And sometimes successful campaign politics can make governing politics more difficult than it needs to be. The 2008 campaign promise not to raise taxes on anyone earning less than $250,000. That was a convenient insurance policy against attacks by John McCain. It was probably an unnecessary promise. And it hardly stopped McCain from inventing “Joe the Plumber,” an average striver who he claimed (incorrectly) would be affected the high-end tax increase.
But that promise has still tied the administration in knots, leaving it unable to offer a clearly principled, shared-sacrifice alternative on the budget. The simple answer to Warren Buffett's complaint that he pays taxes at a lower average rate than his secretary would be to end the preferential treatment of capital gains income—but that would have some modest effect on people earning less than $250,000. So instead some tortured “Buffett Rule” had to be created, which applied only to millionaires, and really reinforces the idea that taxes are a sort of punishment. Obama's promises of bipartisan cooperation, which probably helped him win states like Indiana and the support of a number of notable non-elected Republicans, similarly created an obvious danger once elected, because he didn't have the power over the Republican Party that he needed to keep that promise.

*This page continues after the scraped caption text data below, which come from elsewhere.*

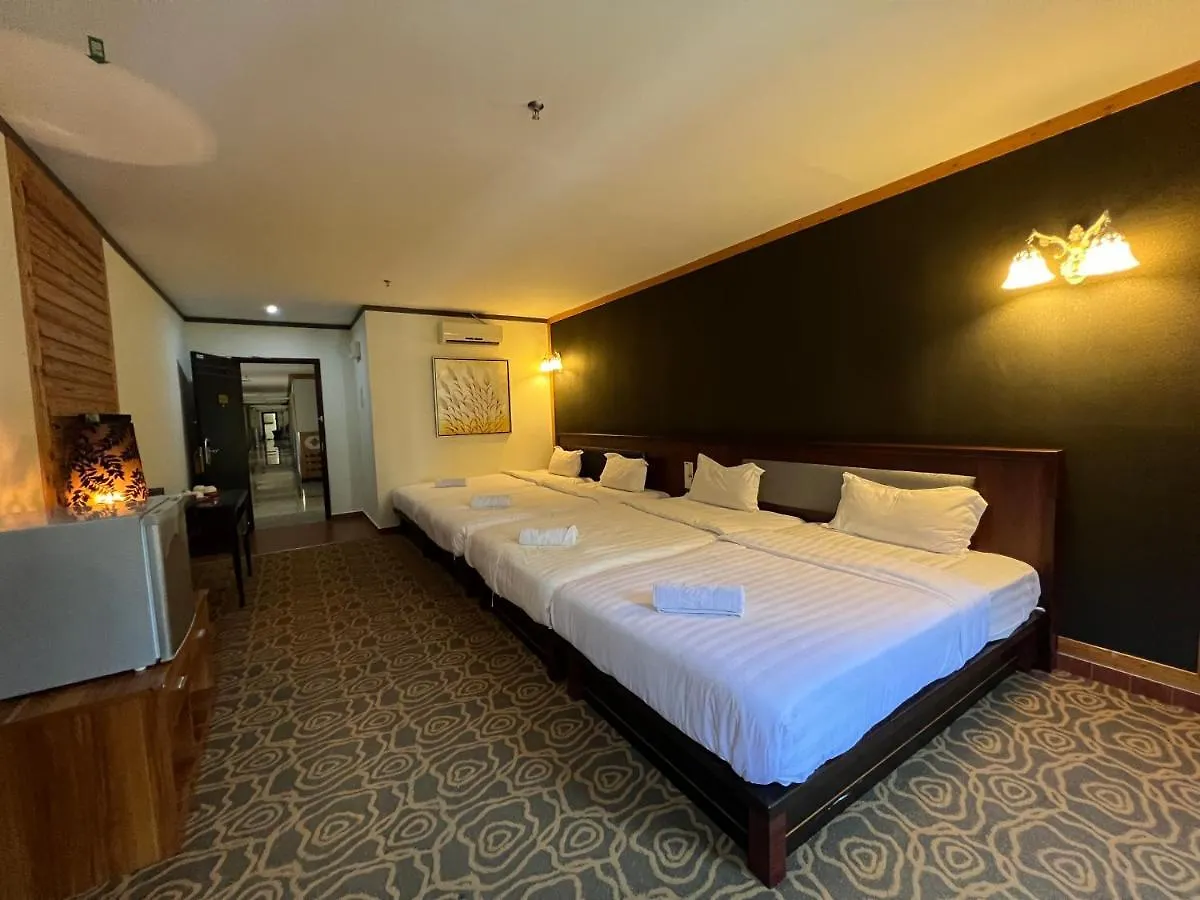 Herald Hotel Melaka By D'Concept 3*, Malacca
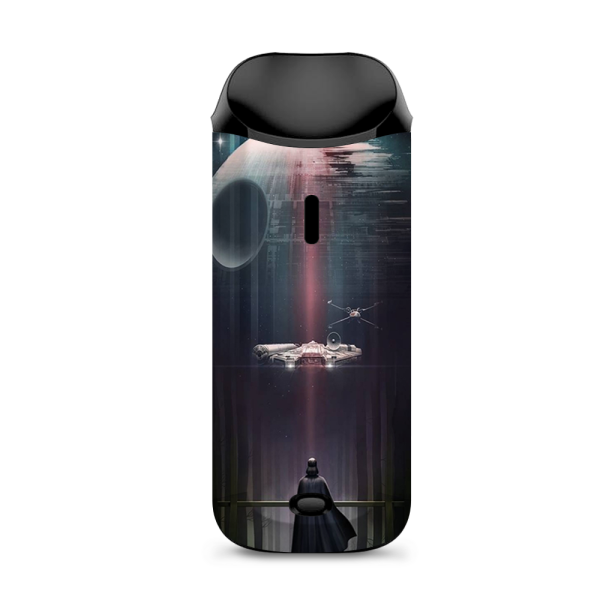 Darth At Death Star Vaporesso Nexus AIO Kit Skin Discount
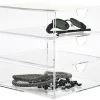 Nomess Opbevaring & Organisering|Makeupopbevaring>Clear 3-drawer 20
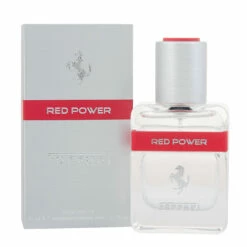 FERRARI RED POWER 40 Ml Eau De Toilette Edt Profumo Uomo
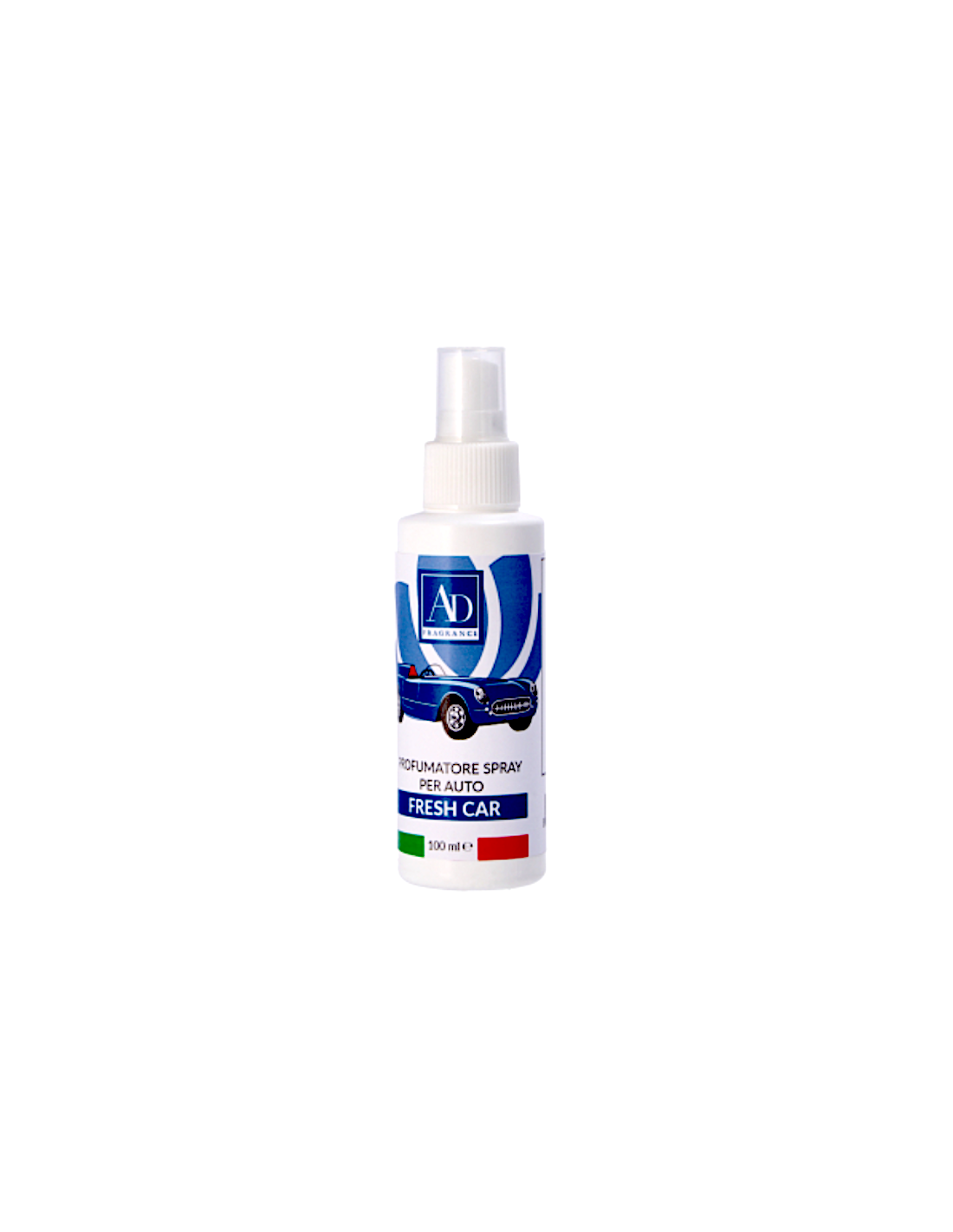 PROFUMATORE AUTO SPRAY COCCO 100ML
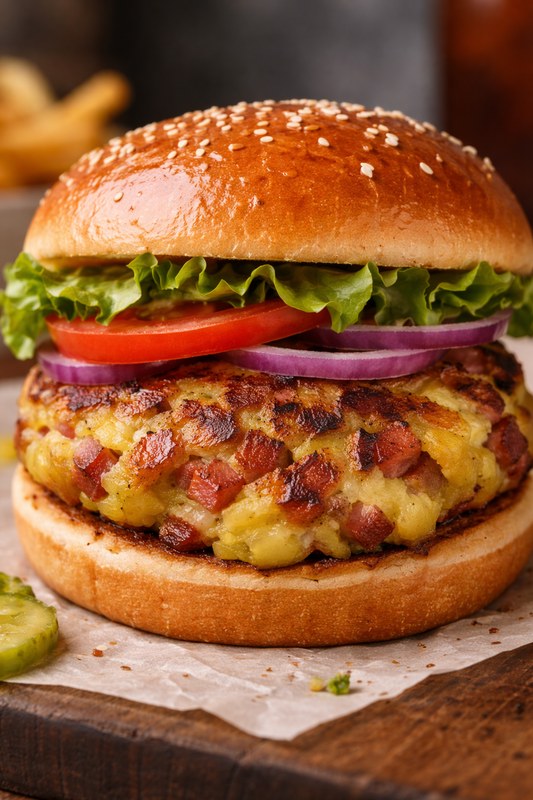Plancon Burger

Obama's critiques of Romney's business practices may well have a similar impact. If he wins reelection by attacking Bain Capital's role in outsourcing and off-shoring jobs, he's made an implicit promise to do something about those two phenomena. But as president, he hasn't and probably won't. It's a great campaign attack, but it doesn't offer an answer to the economic anxieties of most Americans.
Just as being president isn't just about “getting the policy right,” campaigning for the presidency or for reelection shouldn't be just about getting the politics right. Governing is politics, as is campaigning. The only hope for our country in the near term is if the Obama team can figure out how to be equally good at both kinds.